To evaluate the results, the test command can be used, which will get the predictions from the net for the annotations marked as “test” (see split) and output some metrics, and optionally the full predictions as a csv file so that fine metrics or visualizations can be computed with something else. The predict command can be used to directly get the predictions from the neural network for some image, not necessarily one in the dataset.

Since commands can be chained, a full pipeline of training and testing the net can be written as:

$ quevedo -D path/to/dataset -N network_name prepare train test
List. 10.3 − Prepare, train and test a neural network.

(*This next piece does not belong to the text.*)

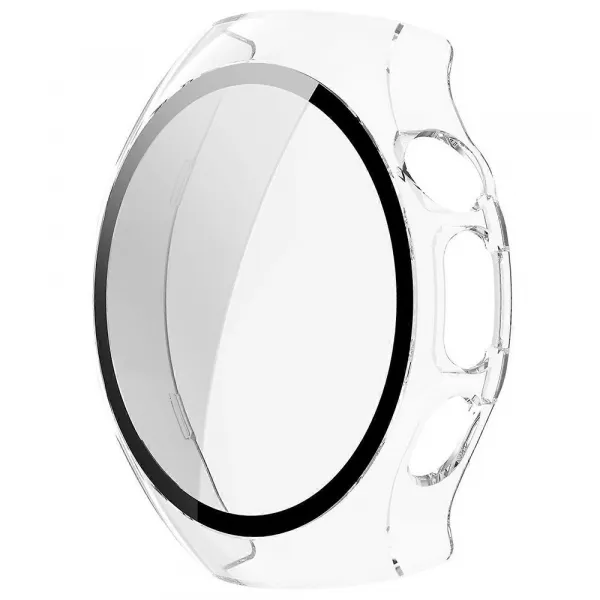 Techsuit Defense360 Pro, Huawei Watch 5 46mm, priehľadné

10.2.3.2 At the web interface

Trained neural networks can also be used on the web interface (Section 10.7.3.0.1). Networks for detection will be available for logograms, and classifier ones will be available for graphemes. They will be listed at the top right of the interface. When running them, the current annotation image will be fed to the neural network, and the predictions applied (but not saved until the user presses the save button). This can be used to visualize the neural network results, or to bootstrap manual annotation of logograms and graphemes.

10.2.4 Example Configuration

# Annotations for each grapheme
tag_schema = [ "COARSE", "FINE", "ALTERATION" ]

# Configuration for the darknet binary and library
[darknet]
path = "darknet/darknet" 
library = "darknet/libdarknet.so"
# By passing the -mjpeg_port argument to darknet, a live image of training
# progress can be seen at that port (in localhost)
options = [ "-mjpeg_port", "8090" ]

# Detect graphemes in logograms, and also assign a coarse-grained tag
[network.logograms]
subject = "Detect and classify coarse grain graphemes in a logogram"
default = true
task = "detect"
tag = "COARSE"
subsets = [ "italian", "spanish" ]

[network.shapes]
subject = "Classify grapheme shapes"
task = "classify"
tag = [ "FINE" ]
subsets = [ "simple", "complicated" ]

# When training grapheme classification, augment the data
[network.shapes.augment]
angle = 10
exposure = 0.5

# Some graphemes present alterations, annotated in the "ALTERATION" tag. We want
# to train a specific classifier for these graphemes
[network.altered]
subject = "Classify the alterations of 'complicated' graphemes"
task = "classify"
# The label to train will be a concatenation of the "fine" tag and the
# "alteration"
tag = [ "FINE", "ALTERATION" ]
# We have stored the graphemes with these alterations in the "complicated"
# subset
subsets = [ "complicated" ]

# Only graphemes with the values "multifaceted" or " accentuated" for the
# "FINE" tag will be used
[network.altered.filter]
criterion = "FINE"
include = [ "multifaceted", "accentuated" ]
List. 10.4 − Example network training and testing configuration for a Quevedo dataset.